Stablecoins have become one of the biggest trends in cryptocurrency. Tether, the most widely used dollar-backed coin, now accounts for more Bitcoin trading volume than the U.S. dollar. A slew of other companies are also developing their own versions of a $1 coin, including Circle, TrustToken, and Basis.
While most other stablecoins are built atop the blockchain systems of Bitcoin and Ethereum, Stronghold USD, which is federally insured by the bank Prime Trust, is one of only two new stablecoins to run on the Stellar network.
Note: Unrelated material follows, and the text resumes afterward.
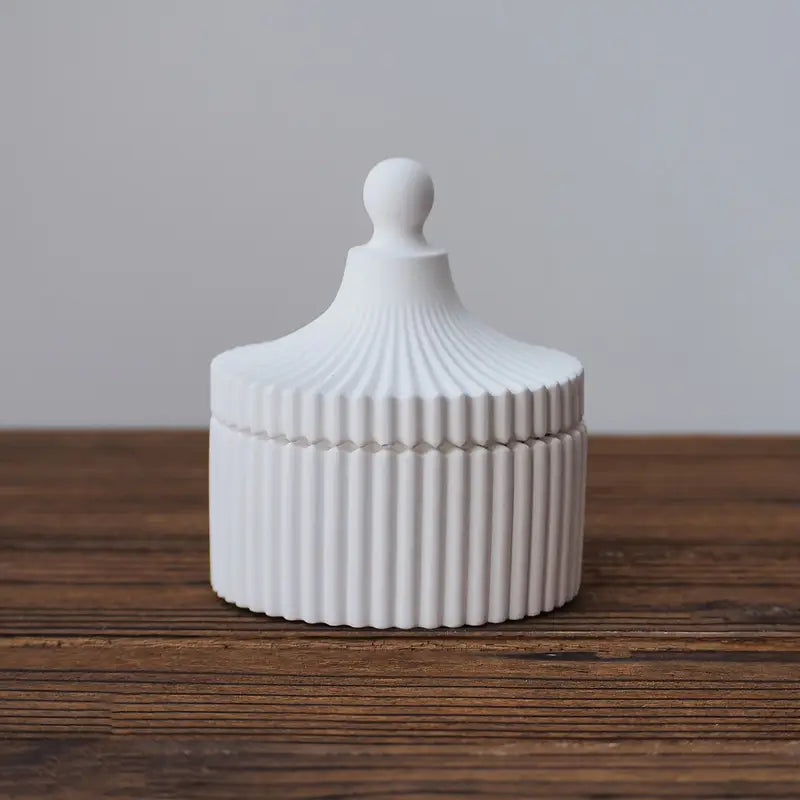 Moon Candle Holder & Silicone Mold Set – Faceted Vase, Striped Storage Box & Plate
That should allow Stronghold USD to process hundreds of transactions per second, far more than other blockchains can handle, with Bitcoin limited to an estimated average of just seven transactions per second, van Kralingen says.
Already, she adds, central banks are showing interest in using digital versions of government currencies; stablecoins could potentially pave the way for a “Fed Coin,” as well as greater usage of cryptocurrency by banks in general. “I think in the future you’ll see more,” van Kralingen says. “The way you’d settle FX today with Citi—I think you could do that with a stablecoin in the future.”
IBM also announced Tuesday that it is investing in a new academic partnership with Columbia University to accelerate startups and innovation in the field of blockchain technology. The Columbia-IBM Center for Blockchain and Data Transparency represents the first time the university has adopted the name of a private sector company for one of its institutions.